YOUR OBJECTIVE: Shown below is a listing with pictures; reproduce exactly, and only, the lines between the ones containing "AmelieBlake is a" and "Fashionable pink cat-eye", inclusive, leaving the pictures out.

(TASK MATERIAL begins)

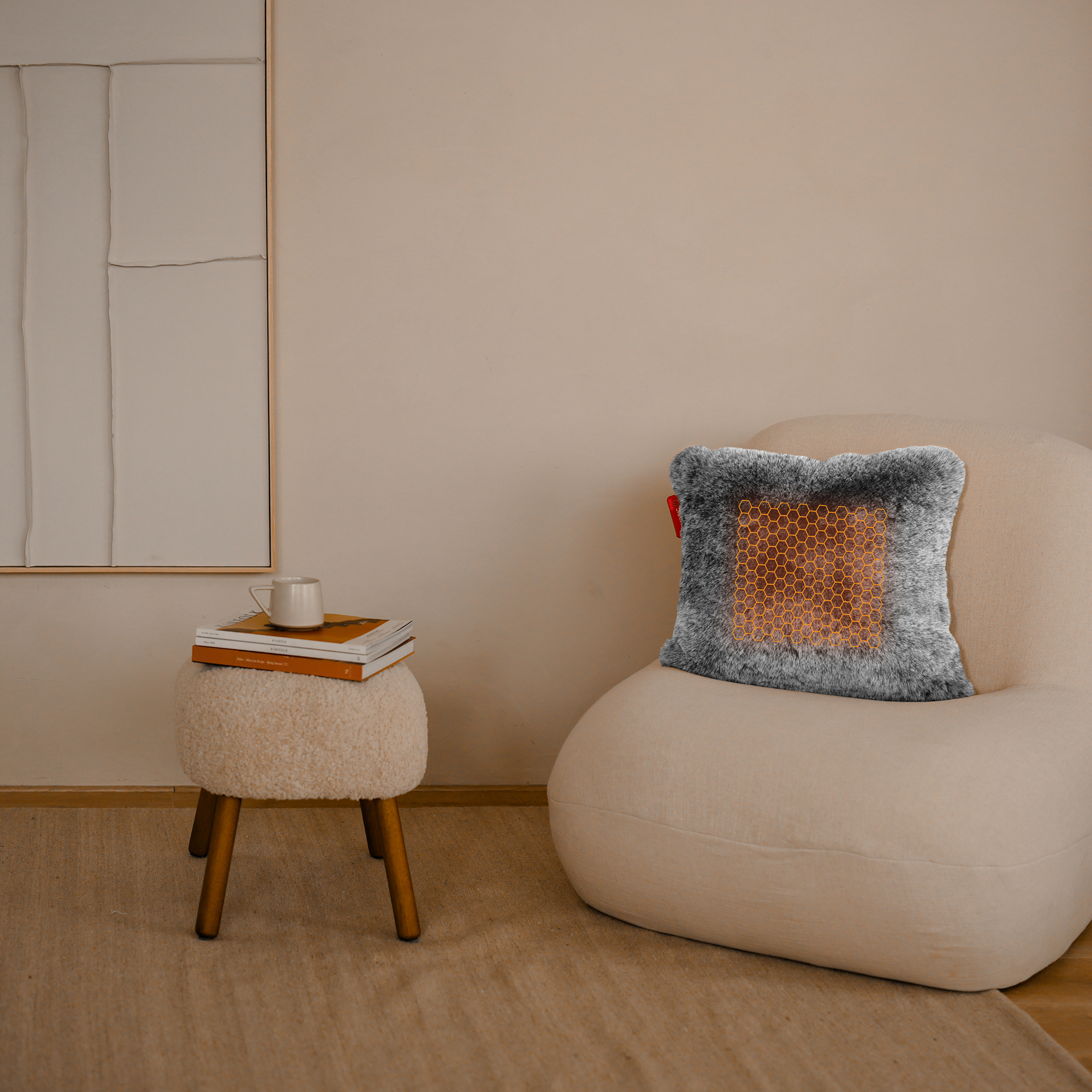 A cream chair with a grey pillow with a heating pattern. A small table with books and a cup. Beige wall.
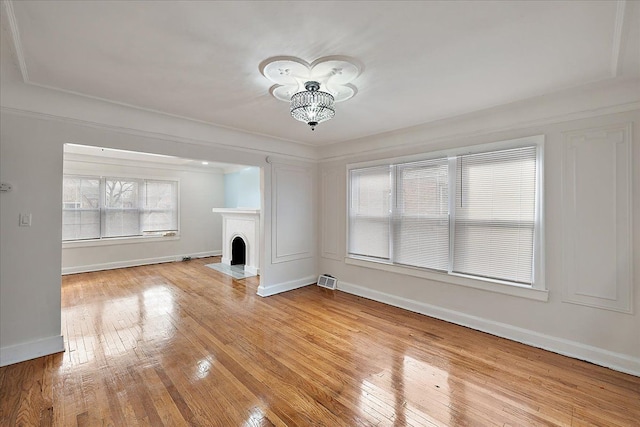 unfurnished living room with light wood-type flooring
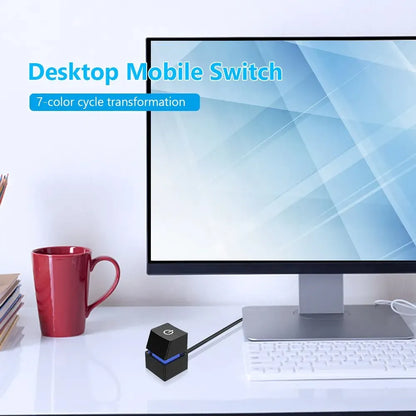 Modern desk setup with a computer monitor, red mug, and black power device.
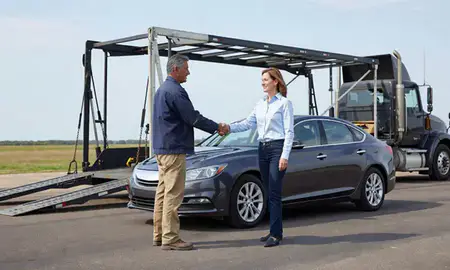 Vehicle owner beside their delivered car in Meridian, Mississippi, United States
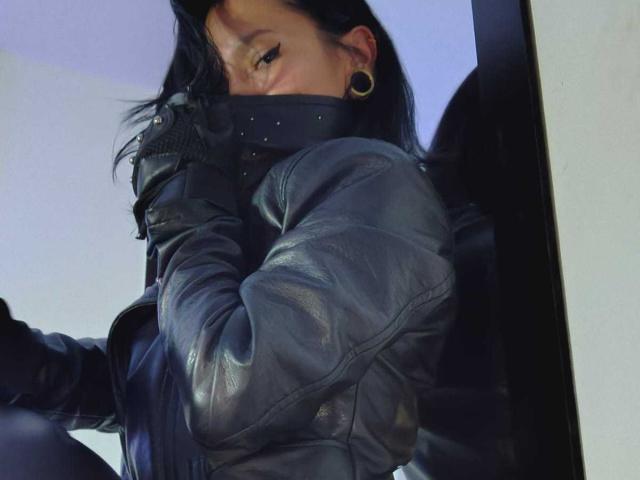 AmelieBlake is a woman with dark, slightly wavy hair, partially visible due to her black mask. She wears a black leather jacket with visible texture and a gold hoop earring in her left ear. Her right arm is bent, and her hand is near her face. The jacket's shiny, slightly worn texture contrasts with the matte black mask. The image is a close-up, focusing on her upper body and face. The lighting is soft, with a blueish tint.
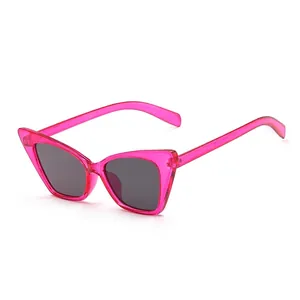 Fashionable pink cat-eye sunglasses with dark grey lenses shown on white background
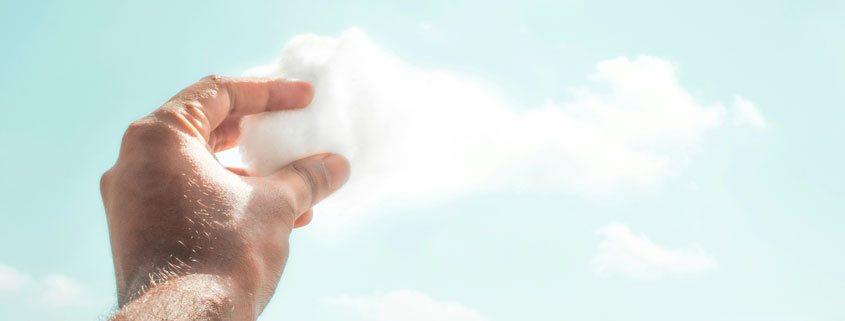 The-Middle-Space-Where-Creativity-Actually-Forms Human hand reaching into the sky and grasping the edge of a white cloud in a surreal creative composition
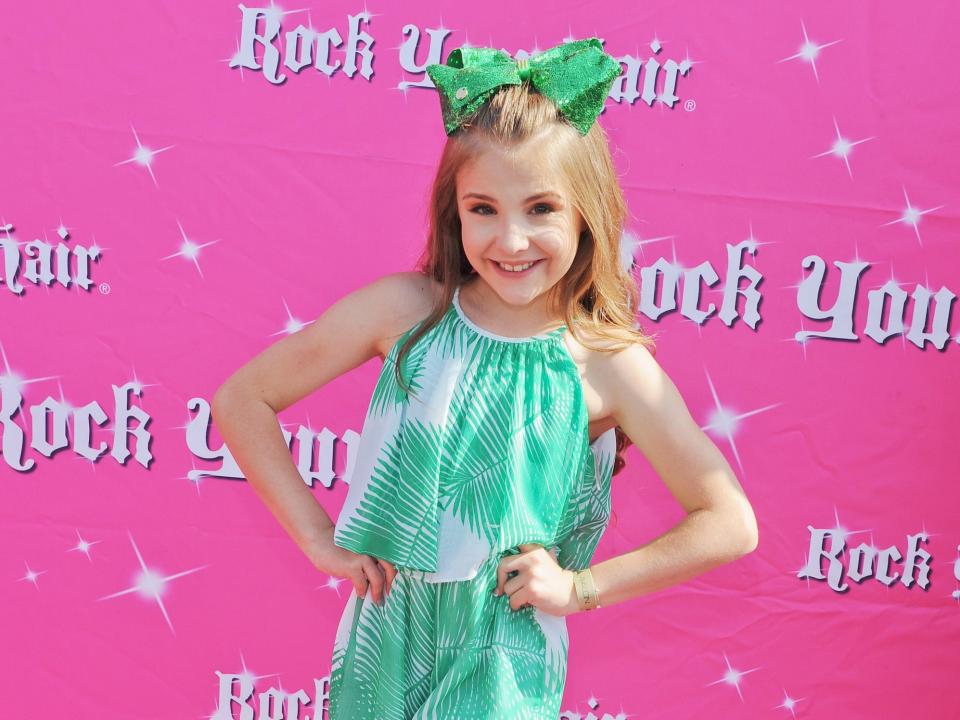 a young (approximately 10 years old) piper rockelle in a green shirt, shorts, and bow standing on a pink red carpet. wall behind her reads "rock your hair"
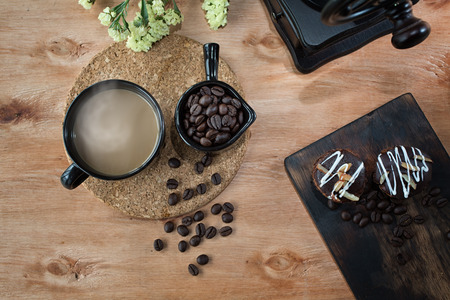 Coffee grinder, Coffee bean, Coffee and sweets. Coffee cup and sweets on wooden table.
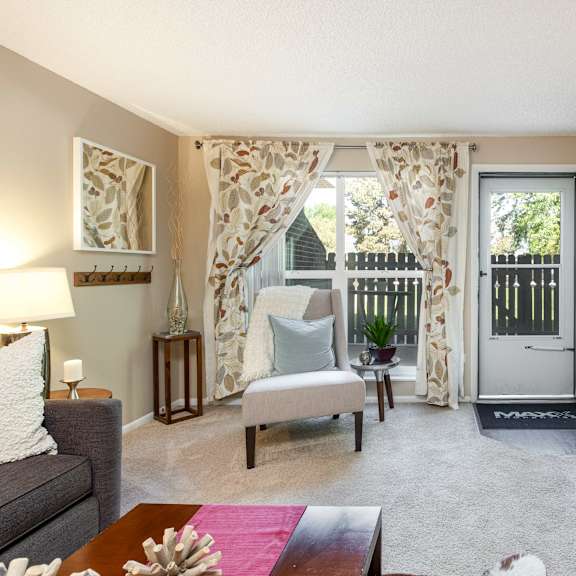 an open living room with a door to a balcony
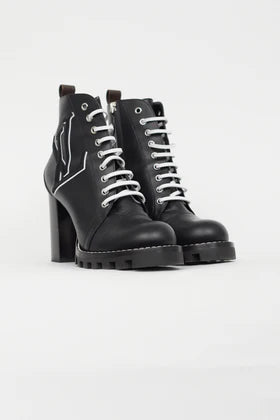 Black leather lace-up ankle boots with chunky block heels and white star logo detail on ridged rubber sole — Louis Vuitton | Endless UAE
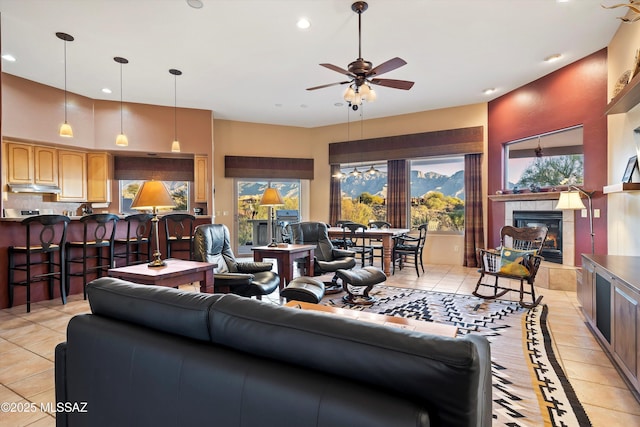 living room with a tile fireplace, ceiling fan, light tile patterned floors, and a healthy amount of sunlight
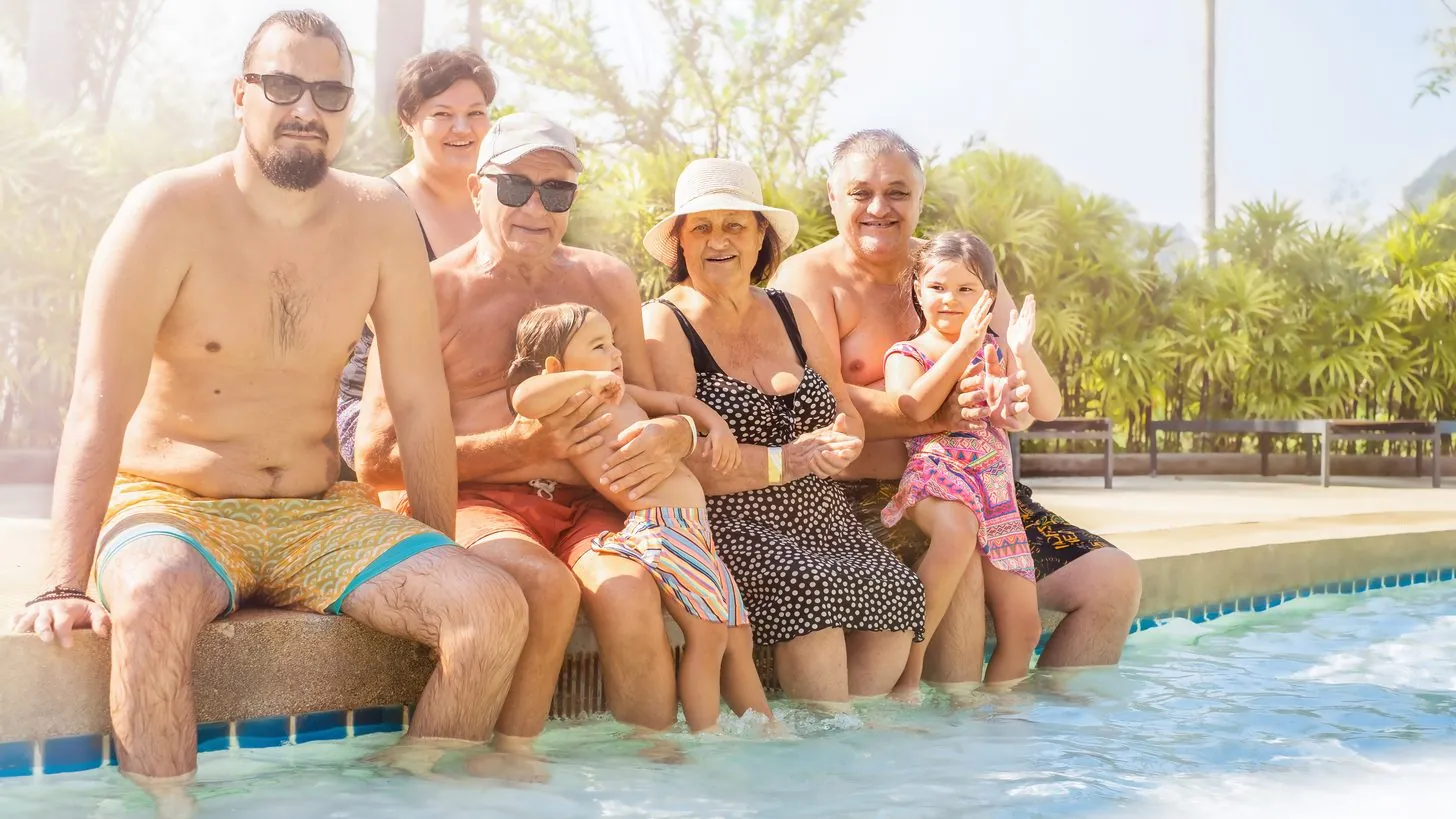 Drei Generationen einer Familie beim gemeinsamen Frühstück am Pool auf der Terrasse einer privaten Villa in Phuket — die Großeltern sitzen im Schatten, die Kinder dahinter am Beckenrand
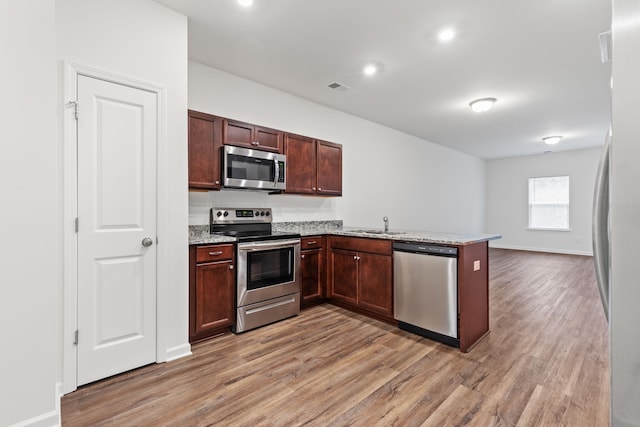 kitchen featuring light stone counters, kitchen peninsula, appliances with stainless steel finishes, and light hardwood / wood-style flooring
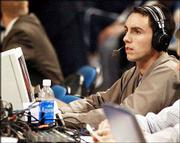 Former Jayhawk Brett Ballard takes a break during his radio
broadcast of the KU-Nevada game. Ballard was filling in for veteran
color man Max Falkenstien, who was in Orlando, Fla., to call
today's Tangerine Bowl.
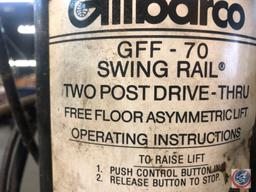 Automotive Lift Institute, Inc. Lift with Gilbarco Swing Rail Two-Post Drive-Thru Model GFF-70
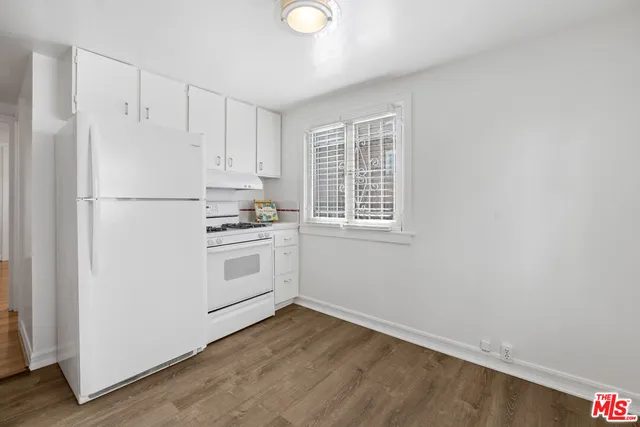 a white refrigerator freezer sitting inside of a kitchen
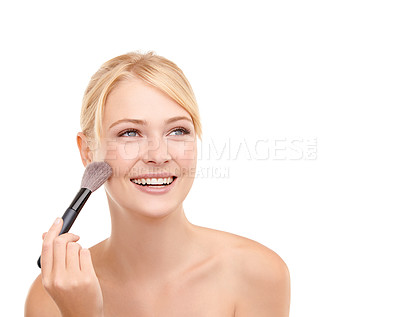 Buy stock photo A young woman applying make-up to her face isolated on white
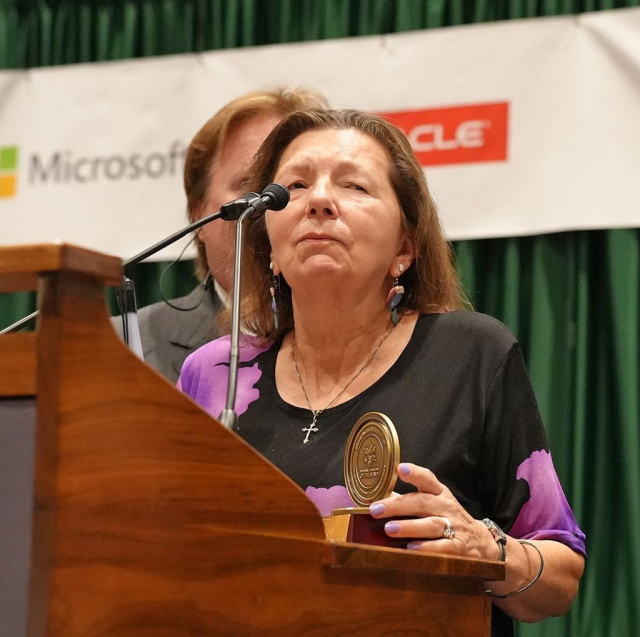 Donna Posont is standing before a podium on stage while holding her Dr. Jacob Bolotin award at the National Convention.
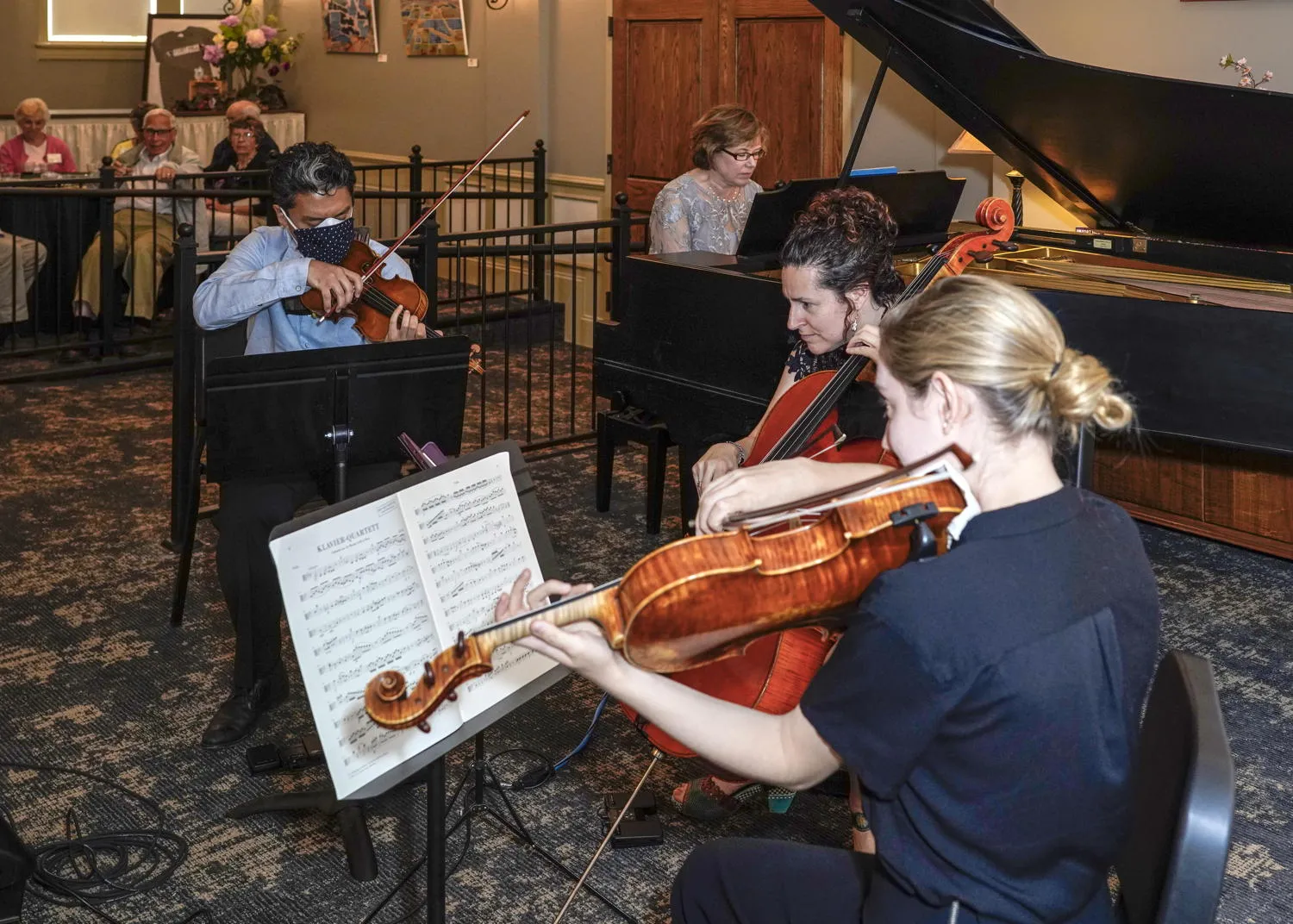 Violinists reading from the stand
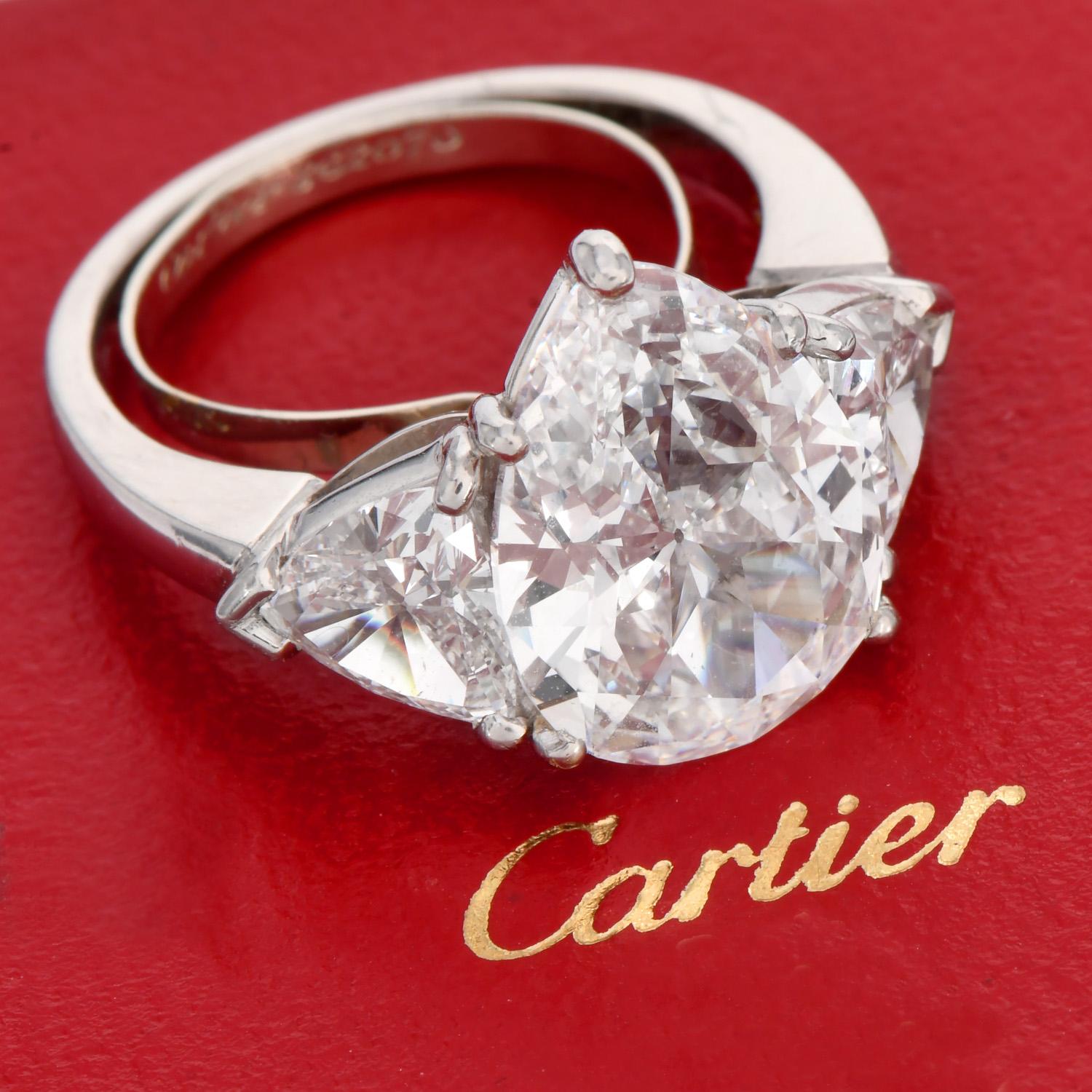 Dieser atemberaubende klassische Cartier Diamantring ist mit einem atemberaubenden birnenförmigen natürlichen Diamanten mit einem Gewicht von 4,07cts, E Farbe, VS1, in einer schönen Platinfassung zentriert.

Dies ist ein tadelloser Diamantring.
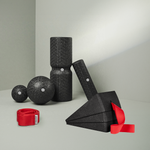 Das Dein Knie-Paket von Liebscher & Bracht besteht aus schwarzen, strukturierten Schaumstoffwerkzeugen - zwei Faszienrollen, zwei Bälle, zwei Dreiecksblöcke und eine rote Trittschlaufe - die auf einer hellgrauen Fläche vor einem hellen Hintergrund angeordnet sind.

(TASK MATERIAL ends)

ANSWER TO THE PROBLEM:
 AmelieBlake is a woman with dark, slightly wavy hair, partially visible due to her black mask. She wears a black leather jacket with visible texture and a gold hoop earring in her left ear. Her right arm is bent, and her hand is near her face. The jacket's shiny, slightly worn texture contrasts with the matte black mask. The image is a close-up, focusing on her upper body and face. The lighting is soft, with a blueish tint.
 Fashionable pink cat-eye sunglasses with dark grey lenses shown on white background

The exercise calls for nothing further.